[483] A passage in the Captivi of Plautus (995-7), shows that these terrors did appeal to the imagination in ancient times, and thus might powerfully affect the happiness of persons of specially impressible natures, although they do not seem to have often interfered with the actual enjoyment of life,—
'Vidi ego multa saepe picta quae Acherunti fierent
Cruciamenta: verum enimvero nulla adaequest Acheruns
Atque ubi ego fui in lapicidinis.'
Mr. Wallace in his 'Epicureanism' (p. 109) writes, 'Whatever may have been the case in earlier ages of Greece, there is no doubt that in the age of Epicurus, the doctrine of a judgment to come, and of a hell where sinners were punished for their crimes, made a large part of the vulgar creed.... Orphic and other religious sects had enhanced the terrors of the world below,' &c. Cicero, however, is a better witness than Lucretius of the actual state of opinion among his educated contemporaries. The exaggerated sense entertained by Lucretius of the influence of such terrors among the class for whom his poem was written is a confirmation of his having acted on the maxim 'λάθε βιώσας.'
[484] Tusc. Disp. i. 21.
[485] iii. 59, etc.
[486] 'Either when his mind is stung with the consciousness that he is wasting his life in sloth, and ruining himself in wantonness; or because from the shafts of her wit she has left in him some word of double meaning, which seizes on his passionate heart and burns there like a fire; or because he fancies that she casts about her eyes too much or gazes at another, and marks the traces of a smile on her countenance.'—iv. 1135-40.

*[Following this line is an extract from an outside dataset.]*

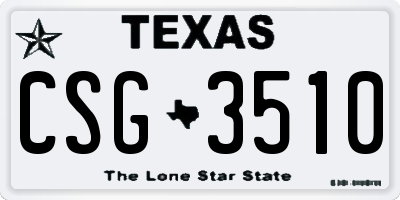 TX license plate CSG3510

[487] 'Oft-times, weary of home, the lord of some spacious mansion issues forth abroad, and suddenly returns, feeling that it is no better with him abroad. Driving his horses, he speeds in hot haste to his country house, as if his house were on fire and he was hurrying to bring assistance. Straightway he begins to yawn, so soon as he has reached his threshold, or sinks heavily into sleep and seeks forgetfulness, or even with all haste returns to the city.'—iii. 1060-67.